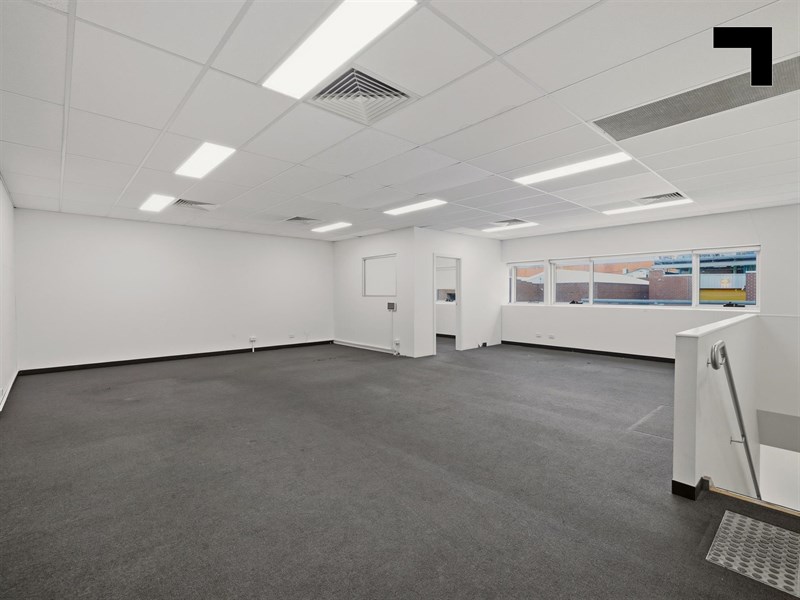 36 Duke Street, Abbotsford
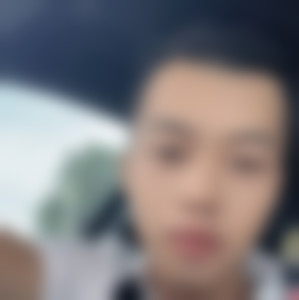幽默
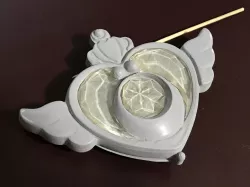 Super Sailor Moon brooch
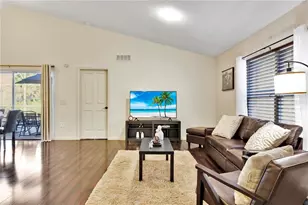 232 Reserve Dr, Davenport, FL 33896 - Photo 6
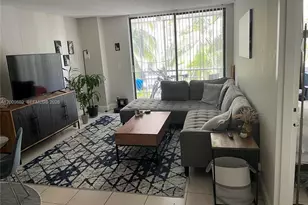 2935 NE 163rd St, North Miami Beach, FL 33160 - Photo 1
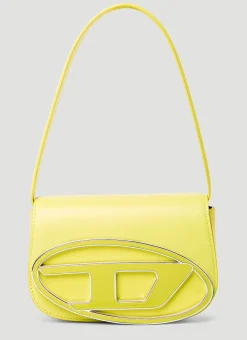 1Dr Shoulder Bag>Diesel Best
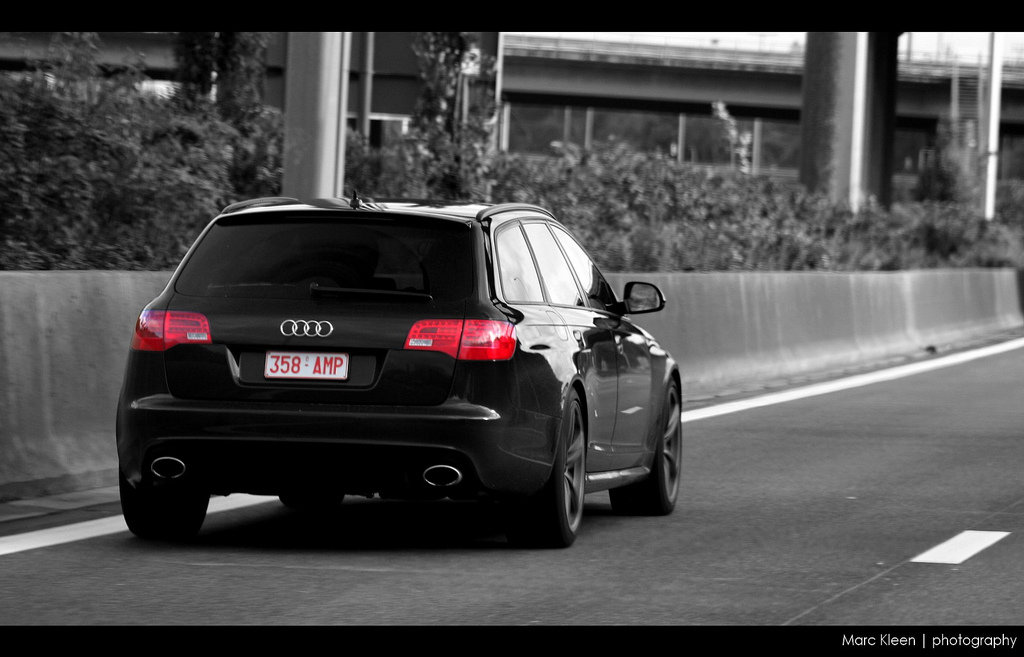 734465RS6ESQUIROU069.jpg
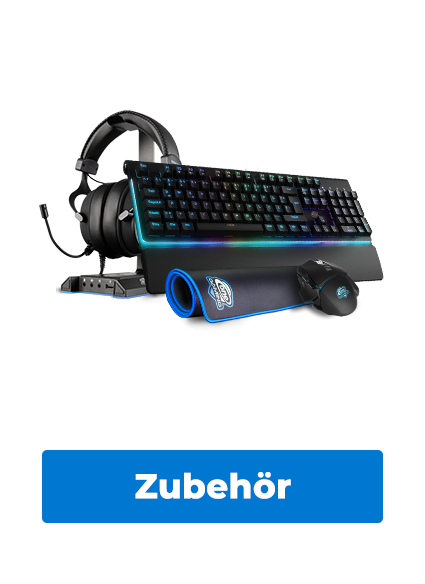 Zubehör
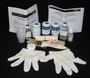 Acrylic Granite Repair Kit - ASPEN WHITE (7003)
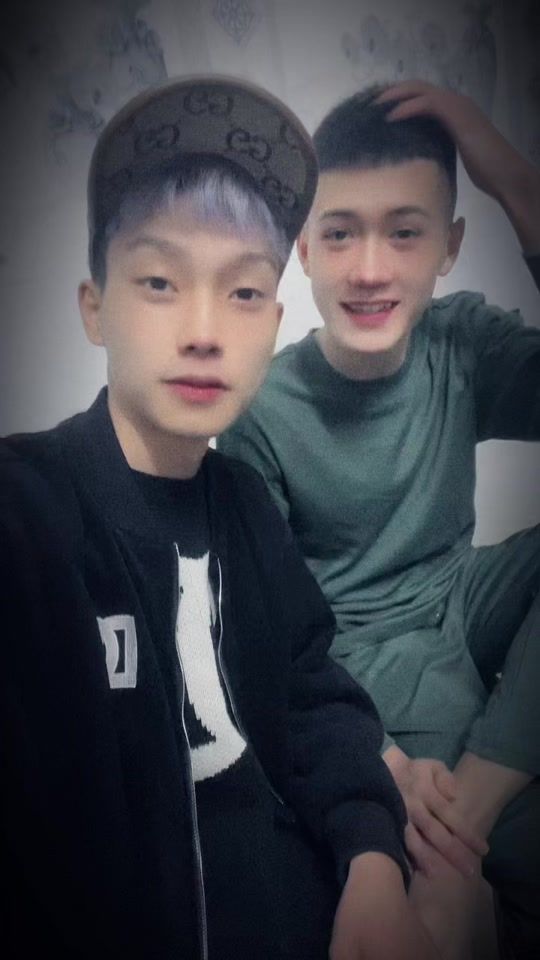 TikTok video thumbnail by qlong_05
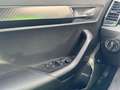 Skoda Karoq Karoq Sportline 1,5 TSI 110 kW 6-speed mech. Gris - thumbnail 7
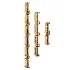 Vibe Wall Lamps - Thumbnail 3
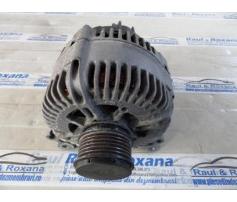 alternator vw passat b7 1.9tdi cod 021903026l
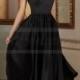 Mori Lee Bridesmaids Dress Style 31081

HOW TO COMPLETE THIS TASK |
Everything from the line containing "734465RS6ESQUIROU069.jpg" through the end of the data should be printed exactly, line for line, except the pictures.

OUTPUT BELOW |
 734465RS6ESQUIROU069.jpg
 Zubehör
 Acrylic Granite Repair Kit - ASPEN WHITE (7003)
 TikTok video thumbnail by qlong_05
 Skoda Karoq Karoq Sportline 1,5 TSI 110 kW 6-speed mech. Gris - thumbnail 7
 Vibe Wall Lamps - Thumbnail 3
 alternator vw passat b7 1.9tdi cod 021903026l
 Mori Lee Bridesmaids Dress Style 31081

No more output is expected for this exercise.